Transversal, Ibarra sumó amigo de Chacho

Un decreto firmado esta semana por Aníbal Ibarra informó que un socio de Carlos Chacho Alvarez en la cátedra y en la TV, Juan Manuel Abal Medina (h), fue designado como coordinador del Plan Estratégico de la Ciudad de Buenos Aires. Su función concreta será mediar con las propuestas del Consejo de Planeamiento Estratégico entre el Gobierno de la Ciudad y la Legislatura porteña.

Abal Medina tendrá la nada fácil tarea de articular las diferentes propuestas de las secretarías del Gobierno de la Ciudad con una Legislatura que, en su composición, anticipa una relación oficialismo-oposición, de difícil pronóstico. Más aún, si se piensa que la misión del Consejo de Planeamiento Estratégico será la elaboración de políticas de largo plazo, que incluso comprenderán en el futuro la relación con las aún nonatas alcaldías.

•Integración

Este consejo fue creado por la Ley porteña 310, y su integración se ha repartido entre distintas asociaciones intermedias. Cuatro ejes son sobre los que desarrolla su accionar: el desarrollo humano, el desarrollo económico, la calidad del espacio público y el aspecto institucional. Funciona en forma colegiada, y el plenario es una Asamblea General de organizaciones intermedias integrantes, una mesa ejecutiva que integran 25 representantes elegidos por la Asamblea General y un Comité Asesor Académico, compuesto por profesionales de trayectoria reconocida en sus especialidades.

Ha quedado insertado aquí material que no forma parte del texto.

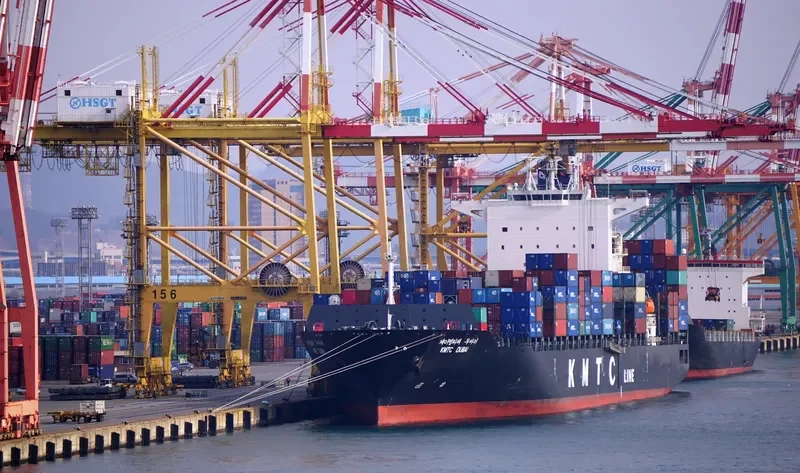 KMTC DUBAI Container Ship IMO 9723928 photo 4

El presidente del CPE es el jefe de Gobierno, quien nombra al vicepresidente -propuesto por la Asamblea General-, al director ejecutivo -propuesto por el Comité Ejecutivo-y al director de enlace o coordinador, un cargo con rango equivalente al de subsecretario, que es el que ahora ocupará Abal Medina.

Para este doctor en Ciencias Políticas y profesor universitario, egresado de la UBA con medalla de oro y diploma de honor, el gran desafío es incorporar las pautas que se elaboran en la concreción de políticas públicas.

El segundo propósito, fijado junto con Ibarra, es pensar en una Ciudad de Buenos Aires que vaya más allá del límite fijado por la avenida General Paz, lo que los tecnócratas denominan «área metropolitana». Claro que es una pretensión que implica ganarse la bendición del gobierno de la provincia de Buenos Aires, la Legislatura bonaerense y, lo que aparece como el vallado más difícil de sortear, el poder político territorial que ejercen en el Gran Buenos Aires los intendentes municipales. Una agenda a la que habrá que agregarle un proyecto de reforma política que tendrá que pasar, para ser aprobado, por la Legislatura porteña.